• **Work instruction**
A verbatim repeat of the lines below is required, with the pictures removed.

• **Material to process**
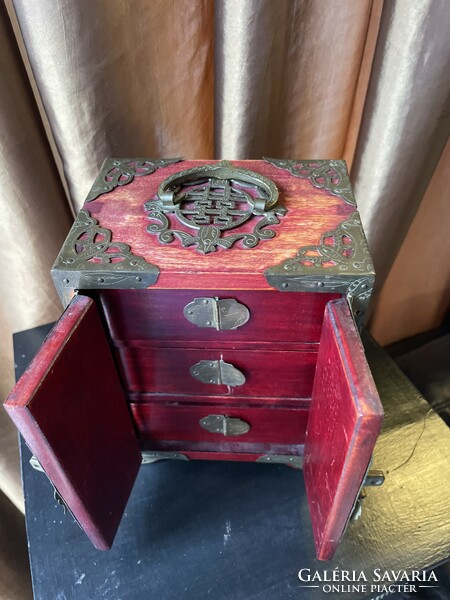 Chinese jade stone jewelry cabinet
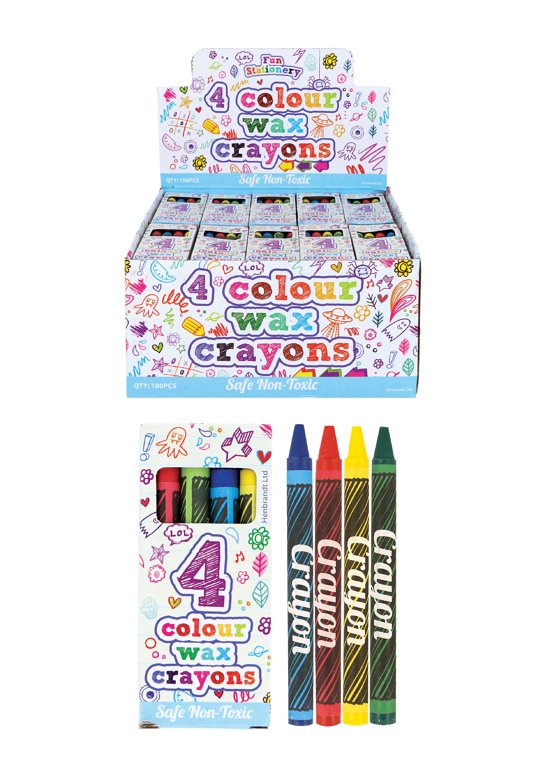 Mini Wax Crayon Packs (4pcs) 4 Assorted Colours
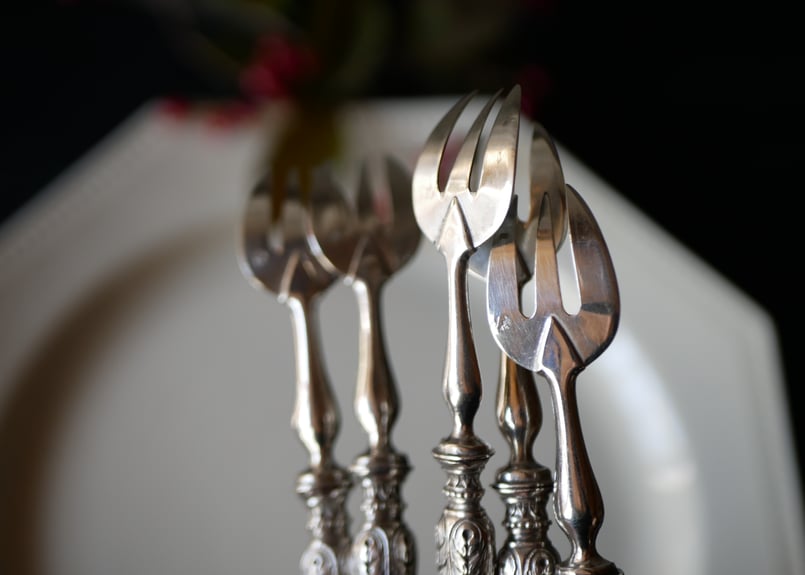 ミネルヴァ刻印 純銀 フランスアンティーク シルバーフォーク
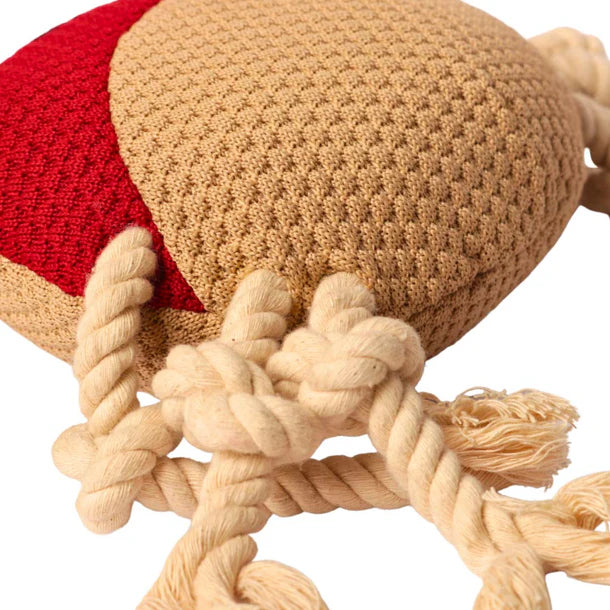 The Furr Company Knitted Crab Plush Toy  with squeaker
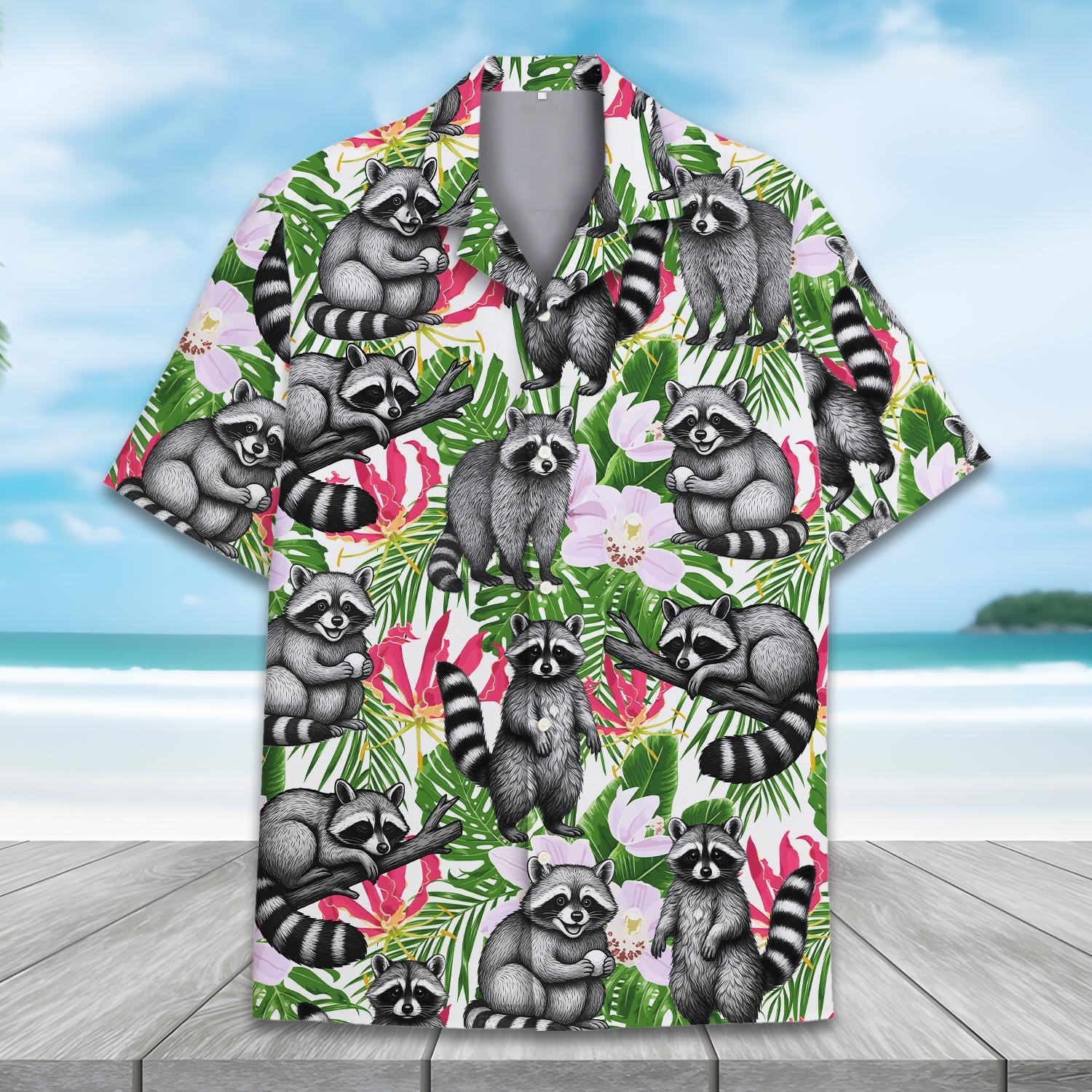 takashi様ご購入用　yuketen◆U.S.A.製◆メンズヒョウ柄ハラコ Tropical Raccoon Hawaiian Shirt Men Women Youth, Floral Raccoon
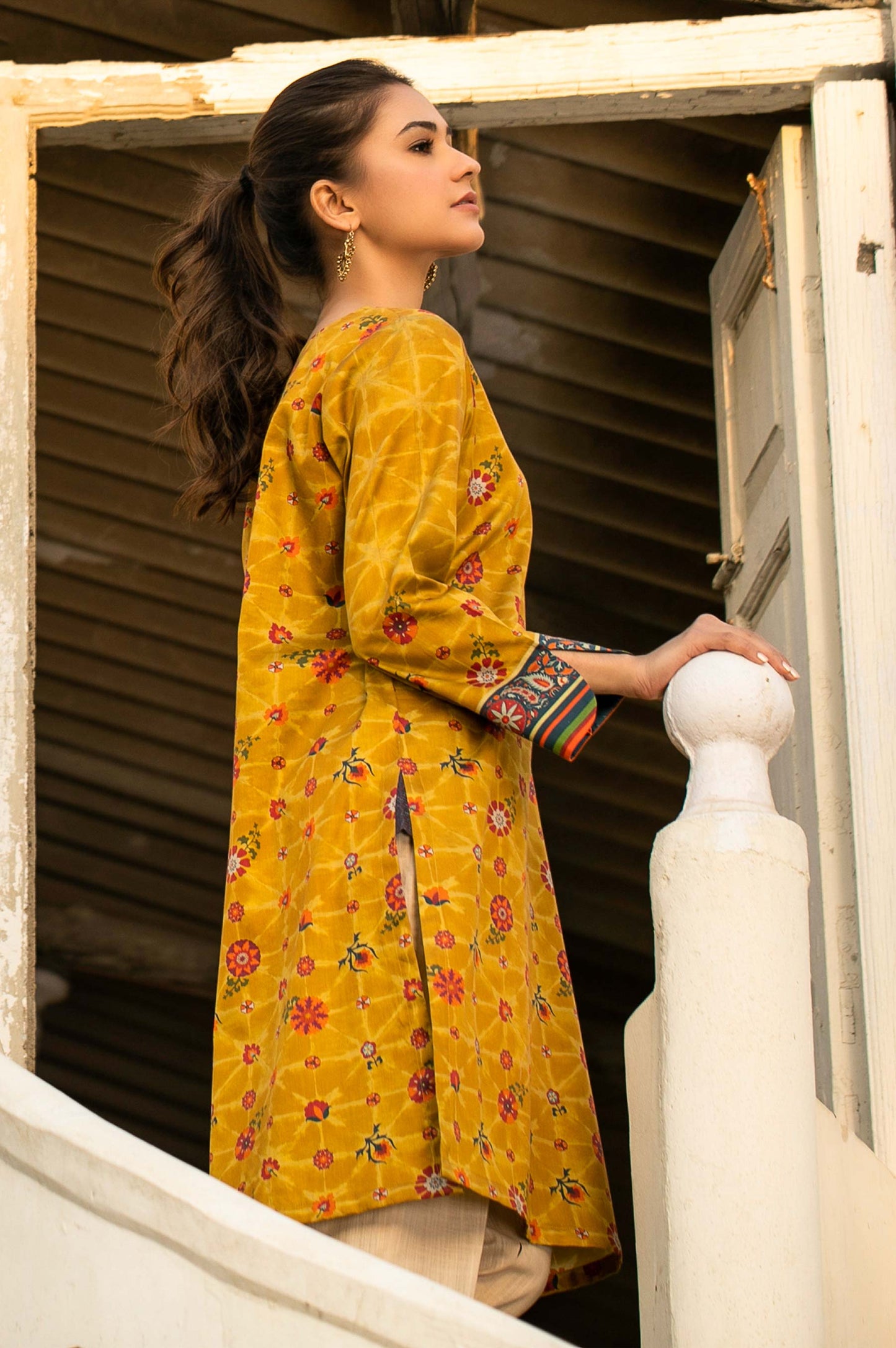 Stitched 1 Piece Digital Printed Cotton Satin Shirt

• **Written answer**
 Chinese jade stone jewelry cabinet
 Mini Wax Crayon Packs (4pcs) 4 Assorted Colours
 ミネルヴァ刻印 純銀 フランスアンティーク シルバーフォーク
 The Furr Company Knitted Crab Plush Toy  with squeaker
 takashi様ご購入用　yuketen◆U.S.A.製◆メンズヒョウ柄ハラコ Tropical Raccoon Hawaiian Shirt Men Women Youth, Floral Raccoon
 Stitched 1 Piece Digital Printed Cotton Satin Shirt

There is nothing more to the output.